Items from a dataset.

BEGIN

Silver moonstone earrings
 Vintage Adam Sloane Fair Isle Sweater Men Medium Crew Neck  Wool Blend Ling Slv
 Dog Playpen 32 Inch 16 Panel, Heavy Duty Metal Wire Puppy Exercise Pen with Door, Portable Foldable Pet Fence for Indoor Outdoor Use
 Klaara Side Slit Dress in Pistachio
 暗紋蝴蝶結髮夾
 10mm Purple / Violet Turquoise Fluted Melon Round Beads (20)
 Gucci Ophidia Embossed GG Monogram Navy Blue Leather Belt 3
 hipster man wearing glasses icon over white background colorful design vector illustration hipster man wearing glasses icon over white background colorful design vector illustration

END

ACTIVITY. Write the data out again. Match it word for word.

PROBLEM SOLUTION.
Silver moonstone earrings
 Vintage Adam Sloane Fair Isle Sweater Men Medium Crew Neck  Wool Blend Ling Slv
 Dog Playpen 32 Inch 16 Panel, Heavy Duty Metal Wire Puppy Exercise Pen with Door, Portable Foldable Pet Fence for Indoor Outdoor Use
 Klaara Side Slit Dress in Pistachio
 暗紋蝴蝶結髮夾
 10mm Purple / Violet Turquoise Fluted Melon Round Beads (20)
 Gucci Ophidia Embossed GG Monogram Navy Blue Leather Belt 3
 hipster man wearing glasses icon over white background colorful design vector illustration hipster man wearing glasses icon over white background colorful design vector illustration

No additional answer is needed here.